Ah, I see Cara just posted with some crop advice!


Hi JJ! Hope you're well.

We had Bella at the vets again on Thursday afternoon - nearly lost her to binding with soft shelled eggs. She did pass them though, after six breast muscle shots (2 x calcium, 2 x oxytocin, anti-inflammatory and Baytril) and is 100% better today. She amazes me with her incredible ability to bounce back. I seriously didn't expect her to make it through Thursday night and yet by lunchtime yesterday you wouldn't have known anything had been wrong.

She's on Baytril, as one of them may have broken on the way out, and we are seriously considering the hysterectomy now. Our vet has grudgingly (he thinks surgery is too dangerous) recommended an avian specialist two hours away who could possibly do it for £200. It's so difficult to decide though, as the anaesthetic risk is so great, and she literally only had this one incident, lasting one day, since the last time in April. She doesn't seem to have any other health issues at any other time. She always pulls through, and her quality of life is only ever affected for that one day (once the softie eggs are out, she's 100% normal again), so is it worth risking her life on this surgery? It's very hard to know what to do for the best...

Sorry, thread hijack alert! Apologies everyone.

Back to the original topic...

post #9 of 26
Quote:
Originally Posted by clothcanoemama 

She's been drinking on her own constantly this morning, and her crop feels softer, and I do not feel any grains in there anymore.  It's also her body temperature now and not warmer to the touch.  Her poop this morning was blackish, runny but no yellow in there.  And whew it was a strong odor (and I'm not squeamish by any means).  I've given her cool scrambled eggs and cottage cheese this morning (although she hasn't touched that yet), and I'll try the olive oil and organic apple cider vinegar, which I have right here.  I'll also visit my feed store today to get some vitamins and talk to the owners, and see if there is someone local who could check her out.

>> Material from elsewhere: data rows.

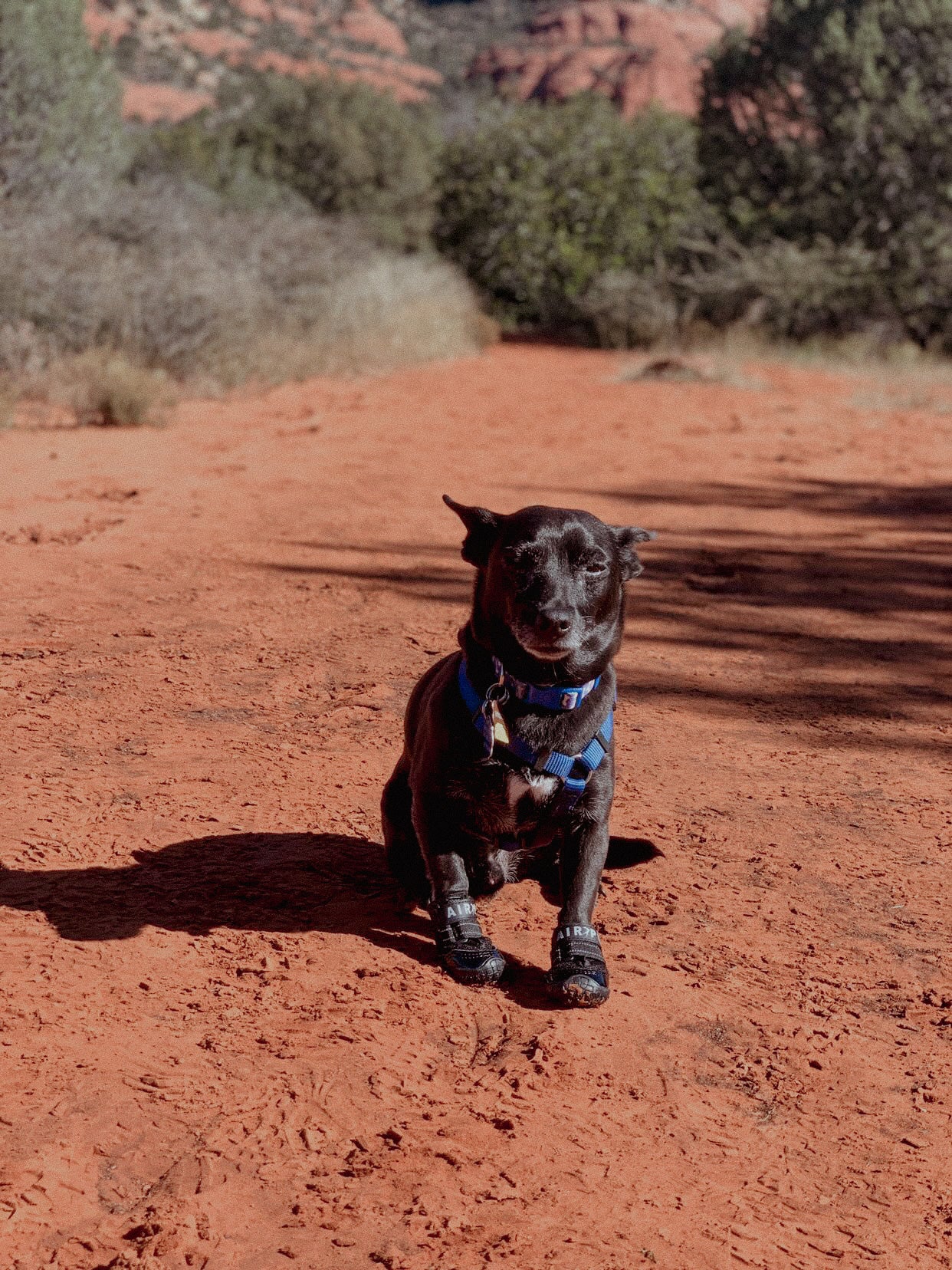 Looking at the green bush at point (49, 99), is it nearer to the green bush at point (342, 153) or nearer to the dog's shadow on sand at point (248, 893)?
the green bush at point (342, 153)

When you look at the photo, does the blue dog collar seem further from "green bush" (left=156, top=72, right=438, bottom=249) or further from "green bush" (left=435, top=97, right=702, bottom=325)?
"green bush" (left=156, top=72, right=438, bottom=249)

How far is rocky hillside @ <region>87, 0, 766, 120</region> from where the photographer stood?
4238 centimetres

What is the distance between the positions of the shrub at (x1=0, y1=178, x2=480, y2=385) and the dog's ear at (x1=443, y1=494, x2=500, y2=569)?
924 centimetres

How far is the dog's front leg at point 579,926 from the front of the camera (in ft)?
10.8

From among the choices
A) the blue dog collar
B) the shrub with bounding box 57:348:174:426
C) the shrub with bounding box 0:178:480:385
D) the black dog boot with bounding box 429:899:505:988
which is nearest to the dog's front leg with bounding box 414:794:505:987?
the black dog boot with bounding box 429:899:505:988

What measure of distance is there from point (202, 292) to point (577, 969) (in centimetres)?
1105

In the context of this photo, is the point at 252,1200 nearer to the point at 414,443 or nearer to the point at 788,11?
the point at 414,443

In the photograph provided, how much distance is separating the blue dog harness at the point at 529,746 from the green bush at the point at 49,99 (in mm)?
12099

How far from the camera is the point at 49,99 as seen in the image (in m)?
14.5

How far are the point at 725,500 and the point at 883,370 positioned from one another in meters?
9.07

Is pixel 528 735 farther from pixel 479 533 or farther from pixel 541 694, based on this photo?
pixel 479 533

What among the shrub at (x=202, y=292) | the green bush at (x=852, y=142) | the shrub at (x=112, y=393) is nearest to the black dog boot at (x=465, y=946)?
the shrub at (x=112, y=393)

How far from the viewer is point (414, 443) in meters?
11.3

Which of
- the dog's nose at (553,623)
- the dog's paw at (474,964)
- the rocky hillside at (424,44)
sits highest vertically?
the rocky hillside at (424,44) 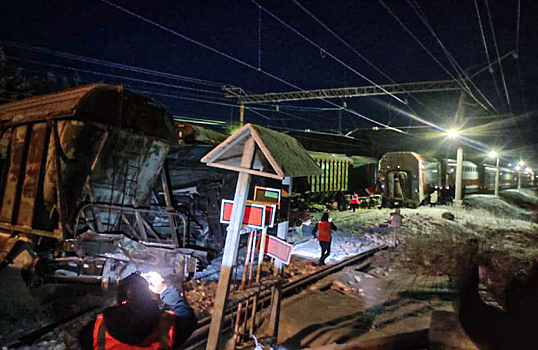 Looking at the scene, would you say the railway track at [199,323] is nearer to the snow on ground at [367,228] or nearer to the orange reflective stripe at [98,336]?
the snow on ground at [367,228]

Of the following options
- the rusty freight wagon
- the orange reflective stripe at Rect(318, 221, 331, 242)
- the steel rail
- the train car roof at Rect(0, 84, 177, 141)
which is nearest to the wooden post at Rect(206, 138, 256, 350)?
the steel rail

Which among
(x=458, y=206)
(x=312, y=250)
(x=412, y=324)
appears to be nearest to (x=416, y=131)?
(x=458, y=206)

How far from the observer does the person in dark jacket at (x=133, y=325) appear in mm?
1870

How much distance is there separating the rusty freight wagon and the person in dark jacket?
13.6 ft

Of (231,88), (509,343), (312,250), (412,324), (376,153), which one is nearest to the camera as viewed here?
(412,324)

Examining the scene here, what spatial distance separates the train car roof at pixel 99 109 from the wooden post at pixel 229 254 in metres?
3.30

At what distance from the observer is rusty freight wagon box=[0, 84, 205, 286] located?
5320 millimetres

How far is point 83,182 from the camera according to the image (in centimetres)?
558

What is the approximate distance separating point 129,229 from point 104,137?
2.01 m

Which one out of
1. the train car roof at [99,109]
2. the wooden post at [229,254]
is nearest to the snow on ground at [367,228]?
the train car roof at [99,109]

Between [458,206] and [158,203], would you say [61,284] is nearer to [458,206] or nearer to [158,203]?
[158,203]

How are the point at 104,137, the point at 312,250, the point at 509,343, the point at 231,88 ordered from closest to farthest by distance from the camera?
1. the point at 104,137
2. the point at 509,343
3. the point at 312,250
4. the point at 231,88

She is still lethargic, closes her eyes and sleeps a lot, does not walk around, the only improvement as I said was that she was drinking on her own this morning and her poop was a different color and consistency this morning.  I'll keep you updated, I really want to save this girl sad .


Does sound like the crop is no longer an issue then. Don't worry about doing the olive oil massge if it has gone down on it's own. If she has done a smelly caecal poop, that's a good sign too, and the fact she's taking on lots of fluids is excellent.

I'm afraid that without a proper veterinary opinion, this could be quite a lot of things, all or any of which could prove fatal. She's been unwell for too long now... definitely get an expert to have a look at her asap today. You may want to have some faecal samples taken too, as it is seeming likely she has a bug of some sort. It could be peritonitis (and like JJ's hen, that could be relieved with anti inflammatories and antibiotics, but is often fatal despite treatment), it could be a serious worm infestation, it could be any number of diseases (e-coli possibly?), or it could be a failure of a vital organ (kidneys, liver?). It's just a little too complicated to call without samples and a proper examination.

I think we're probably beyond self-help for her now, as the obvious easy-fix (crop impaction) isn't looking relevant any longer...

Kepp us updated on her progress...

post #10 of 26

I just lost a hen under similar circumstances.  She had broken an egg inside her and the yellow in her poo was actually yolk.  I brought her into the house inside a cage, fed her scrambled eggs and fresh corn, put water in her vitamins and started her on a course of antibiotics, but she died within a week.  Could have been sepsis, I don't know.  I couldn't feel any shell when I checked her and did all I could.